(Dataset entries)
___

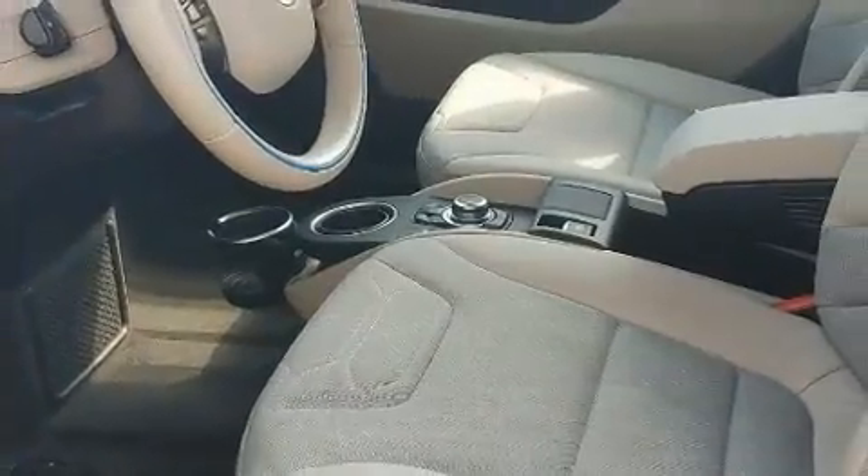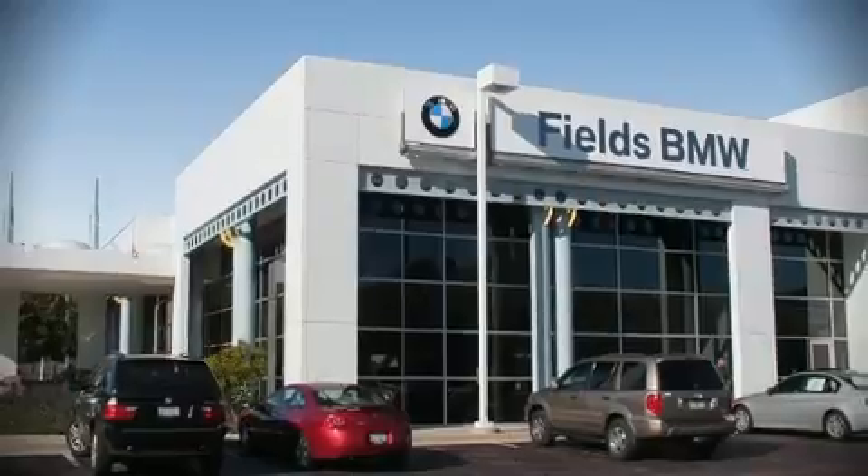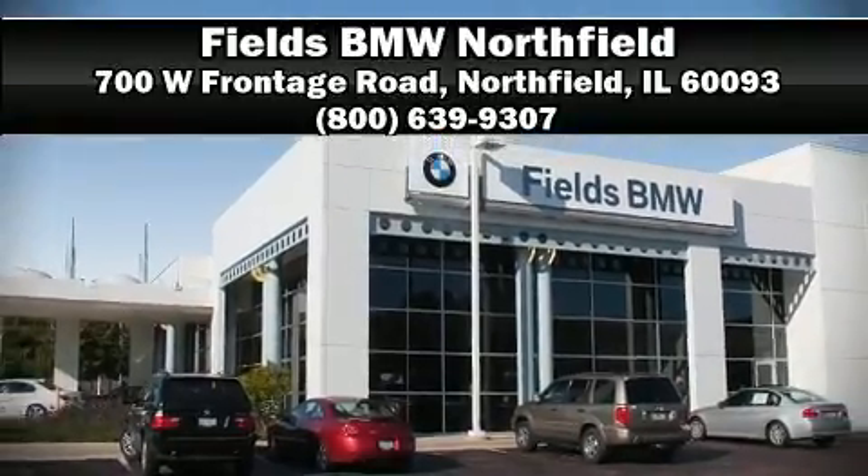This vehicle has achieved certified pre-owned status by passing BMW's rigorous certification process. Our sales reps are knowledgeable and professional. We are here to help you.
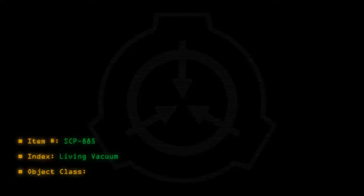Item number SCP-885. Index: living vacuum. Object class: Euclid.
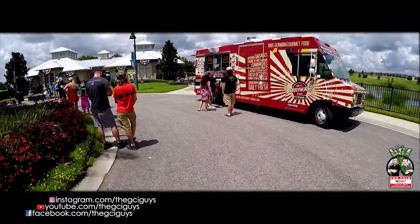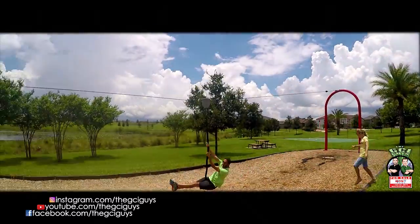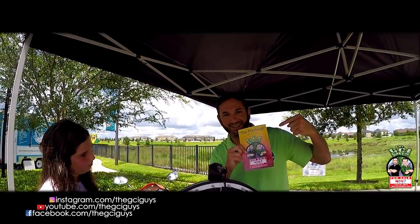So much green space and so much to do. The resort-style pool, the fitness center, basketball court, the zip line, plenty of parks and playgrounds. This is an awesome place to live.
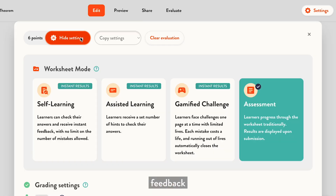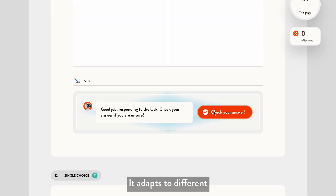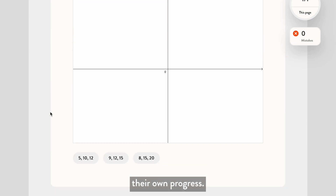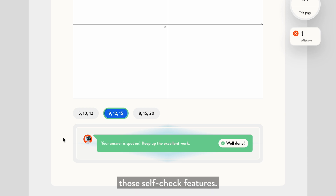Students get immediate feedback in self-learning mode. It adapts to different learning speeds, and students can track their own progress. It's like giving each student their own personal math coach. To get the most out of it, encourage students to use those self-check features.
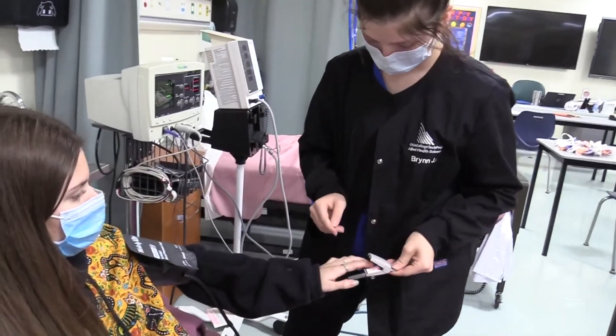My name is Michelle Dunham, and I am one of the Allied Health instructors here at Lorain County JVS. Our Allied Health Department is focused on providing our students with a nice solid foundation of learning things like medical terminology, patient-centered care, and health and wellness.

___

Look above for the line containing "Item number SCP-885.", then copy exactly from it through the line containing "So much green", keeping both and leaving out pictures. Add nothing else.

Item number SCP-885. Index: living vacuum. Object class: Euclid.
So much green space and so much to do. The resort-style pool, the fitness center, basketball court, the zip line, plenty of parks and playgrounds. This is an awesome place to live.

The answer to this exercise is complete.